21 Voilà donc deux coups de foudre nés au xviii e siècle, de la sympathie des corps ou de celle des âmes. Ils vont connaître jusqu’à nos jours des carrières parallèles. Outre les oppositions classiques entre le matériel et le spirituel, entre l’éphémère et l’éternel, ils donnent une tout autre image du couple. Le coup de foudre sensuel, privilégiant les images de l’électricité, du magnétisme, de la chimie, fait référence à la complémentarité des êtres, et en particulier des sexes, qui s’attirent comme deux pôles opposés, ce à quoi renvoient aussi des images telles que « trouver chaussure à son pied ». Le coup de foudre sentimental, qui se réfère à des âmes sœurs ou à des jumeaux astraux, privilégie au contraire la ressemblance, sinon l’identité. En termes de petite annonce, on recherche dans un cas la complémentarité, dans l’autre, le « même profil ».

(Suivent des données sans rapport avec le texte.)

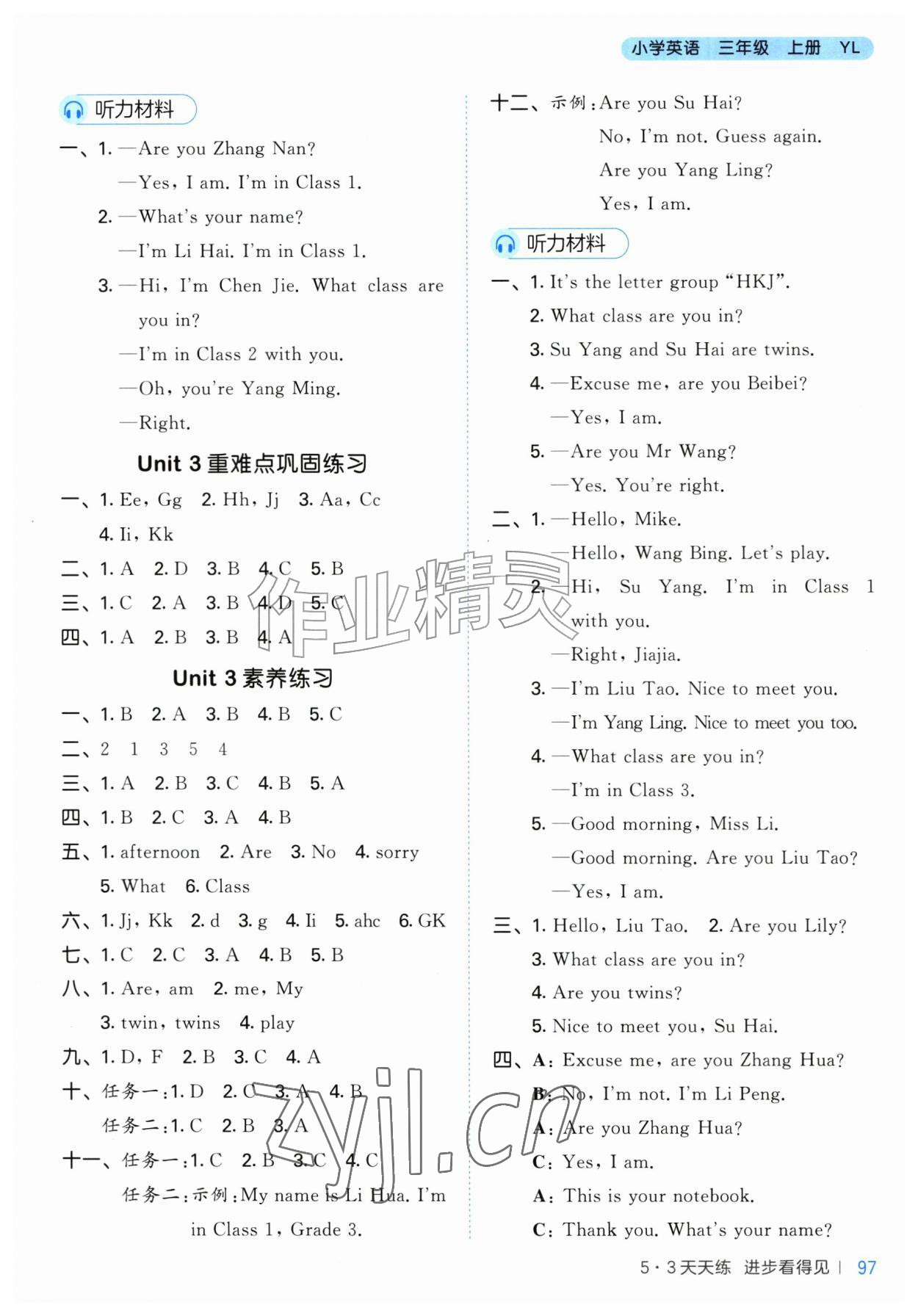 2026年53天天练三年级英语上册译林版&nbsp;第5页
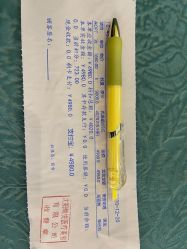 -颜悦医疗美容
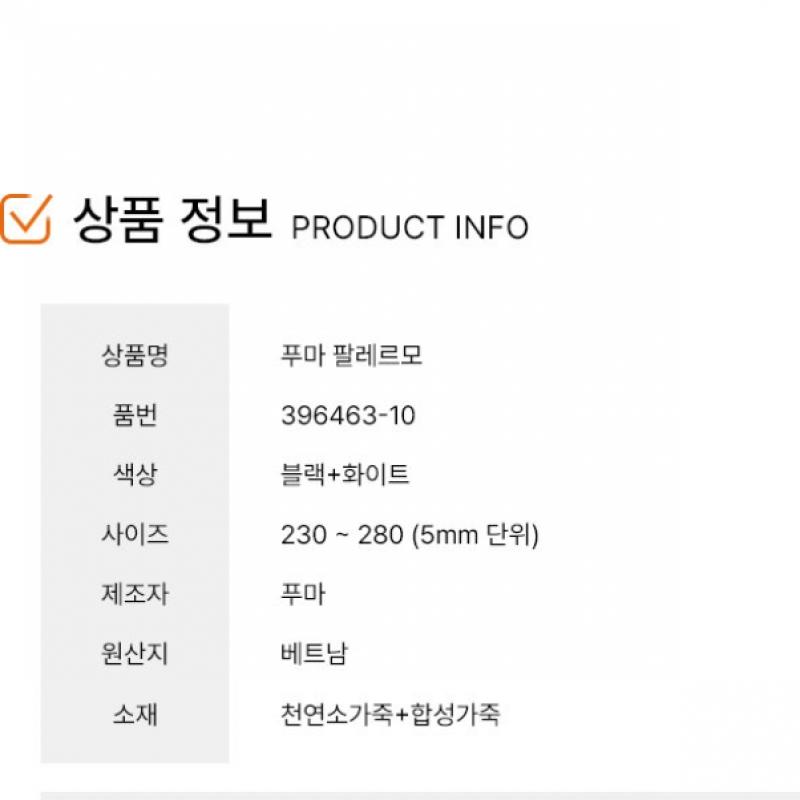 Puma Sneakers Palermo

22 Si le coup de foudre entre alors dans le vocabulaire, c’est qu’il répond à une tendance forte de l’époque postnapoléonienne pour les émotions violentes. Le romantisme contient une culture du coup de foudre, que chacun, de bonne foi, entend éprouver. Les convulsions politiques des trois décennies qui ont suivi la Révolution expliquent que les âmes, habituées aux changements brusques, aient cherché à vivre en amour ce qu’elles connaissaient dans les grands idéaux, les débats d’idée et les transports guerriers. La réintroduction du divorce par consentement mutuel, en 1792, coïncide par ailleurs avec réhabilitation du coup de foudre. Violence des sentiments et possibilité de relations brèves : les deux éléments sont le terreau naturel des coups de foudre. Hélas, la Restauration réintroduit l’indissolubilité de mariage, et le couple romantique tourne à la tragédie. Avec un grain d’humour, Gabrielle Houbre (1997) résume ainsi la liaison amoureuse en trois étapes : rencontre, déclaration, séparation. Et sa variante romantique à une terminologie plus extrême : coup de foudre, aveu, suicide. Le suicide d’amour est un des sports favoris du romantisme. Michelet se plaint qu’à la morgue de Paris, on apporte chaque année cinquante femmes qui ont succombé à cette mode. Si le romantisme a exalté le coup de foudre, il ne contribue en rien à la constitution du couple.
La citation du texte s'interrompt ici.